Tuesday, October 28, 2014

Ebola Hysteria: The New Socially-Acceptable, Least-Helpful Trend in Politics

Oh, no!  It's Ebola!!
This morning I started reading the news and learned that New York and New Jersey want everyone who travel to West Africa to undergo a 21-day quarantine upon coming to the United States.

Everyone.  Not just people showing possible symptoms, or people at risk, such as a nurse or doctor accidentally stuck with a needle that had been in an Ebola patient.

Everyone.

I cringed reading this.  We have become such cowards, such worry-warts, so concerned with appearances and appearing to care that we hurt more people that we help.  I mean, the United States is not the only country outside of West Africa facing the possible spread of Ebola, but we certainly are the only country acting as if a major outbreak is merely around the corner, despite any evidence to the contrary.

Let me be clear - no one is contagious before showing symptoms.  That means that even if someone returning from West Africa somehow contracted Ebola, they are not contagious - meaning that he or she cannot pass on the virus - until they have symptoms.

To quote Dr.

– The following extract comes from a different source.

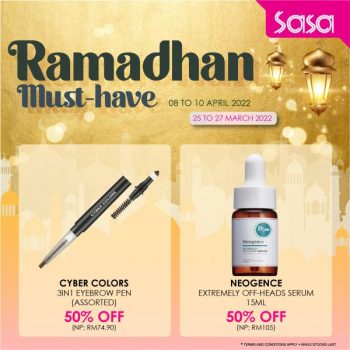 SaSa-Ramadan-Beauty-Items-Promotion-5-350x350 - Beauty & Health Cosmetics Fragrances Johor Kedah Kelantan Kuala Lumpur Melaka Negeri Sembilan Online Store Pahang Penang Perak Perlis Personal Care Promotions & Freebies Putrajaya Sabah Sarawak Selangor Terengganu 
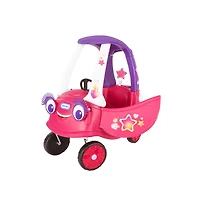 Trotteur Superstar au thème Cozy Coupe Little Tikes - Notre exclusivité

Anthony Fauci, director of the National Institute of Allergy and Infectious Disease at the National Institutes of Health, "When you start getting the viral load that is enough to be able to be transmitted, you're feeling very, very poorly."

Basically, you are even contagious when the very first symptoms appear.  You have to be getting rather ill before you can spread the disease.

And still, Americans and American media seem to be intent on making Ebola into the next zombie apocalypse, despite the fact that out of the over 10,000 cases of Ebola worldwide, only four people on American soil have been diagnosed with Ebola, of which only one person died. Mind you, as of 2011 approximately 6,884 people die every day due to a variety of causes.  So why get so upset over one singular death that might have been prevented had the hospital followed the proper procedures?

In the end, all we are doing is looking foolish and hurting the people who have the courage to go to West Africa in the first place. If we really want to prevent an Ebola outbreak, than we need to invest the time and money into either finding a cure, finding a vaccine, or helping rid West Africa of the virus. But standing around and acting hysterical accomplishes nothing.